SDR uses Gamma-encoded values, while HDR uses PQ EOTF instead.
PQ allocates more bits to the darker parts of the image, where they are needed the most.
SDR also uses relative brightness values; e.g. 80% brightness, while HDR uses absolute values; e.g. 80 nits.
80% brightness is 80 nits if the display is set to the proper value of 100 nits
* but the user may choose to set their display to 700 nits instead - which would raise "80% brightness" to 560 nits.
But in HDR, a value of 80 nits is 80 nits if the display is accurate, whether its maximum brightness is set to 100 nits or 10,000 nits brightness.
*This is not technically correct since we're talking about gamma-encoded values, but just go with it. The technically correct explanation is far more complicated.
PQ is a fixed transfer function in HDR, while gamma is
expected to be 2.4 for accurate reproduction.

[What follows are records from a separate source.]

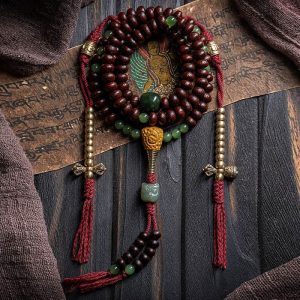 Buddha Stones Natural Tibet 108 Mala Beads Purple Bodhi Seed Hetian Cyan Jade Copper Dorje Peace Bracelet Mala Bracelet BS Non-Elastic Cotton Rope 9mm
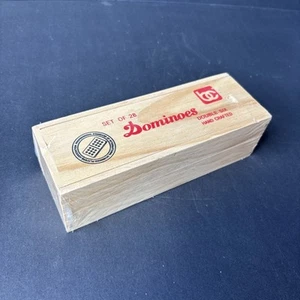 Dominoes Double Six Hand Crafted Set of 28 Parts with Wooden Case - Brown - Picture 1 of 11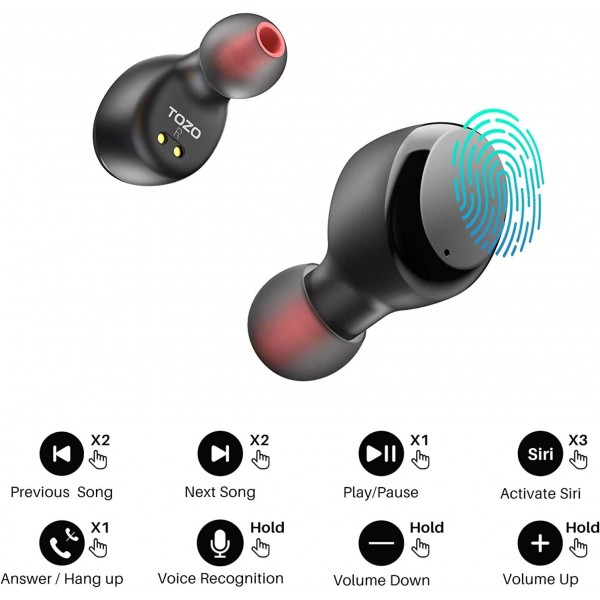 TOZO T6 True Wireless 이어버드 Bluetooth-Kopfhörer 터치 컨트롤 무선 충전 케이스 IPX8 wasserdichte Stereo-Ohrhörer In-Ear-Headset Premium Deep Bass Schwarz Black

But most displays have a gamma adjustment option, often letting you set it as low at 1.8 - which results in much brighter shadow details, and that can be useful in a bright room.
SDR uses the BT.709 color space, while HDR uses the Display-P3 or BT.2020 color space, both of which are much wider gamut.
If you simply assign the BT.709 color values to BT.2020 without correction, this results in an oversaturated image.
Look at where BT.709 red is (upper right corner of the triangle) compared to the BT.2020 red.
You need to convert the values so that "100% red" in BT.709 appears the same color in BT.2020; perhaps "80% red" instead.
But if the system is doing that conversion, it prevents the user from
choosing the oversaturated colors, if that's what they prefer.
And while it's possible to do this accurately by converting SDR to a 100 nit HDR image with the new EOTF and remapping the colors, the end result relies on the display itself being perfectly-calibrated for HDR.
No display is currently capable of 100% color accuracy in HDR - so each has its own compromises; i.e. inaccuracies, to make HDR look good.
But most displays are now capable of extremely good color accuracy in SDR.
The inaccuracies of HDR reproduction don't show themselves that much when watching actual HDR content, because the errors there are relatively minor. But when you are trying to display an accurate SDR picture inside of an HDR container, you are compounding inaccuracies which can make it look noticeably worse than sending the display a native SDR signal.
On top of that, many people do not want an accurate SDR image, and an HDR signal locks them out of those processing options.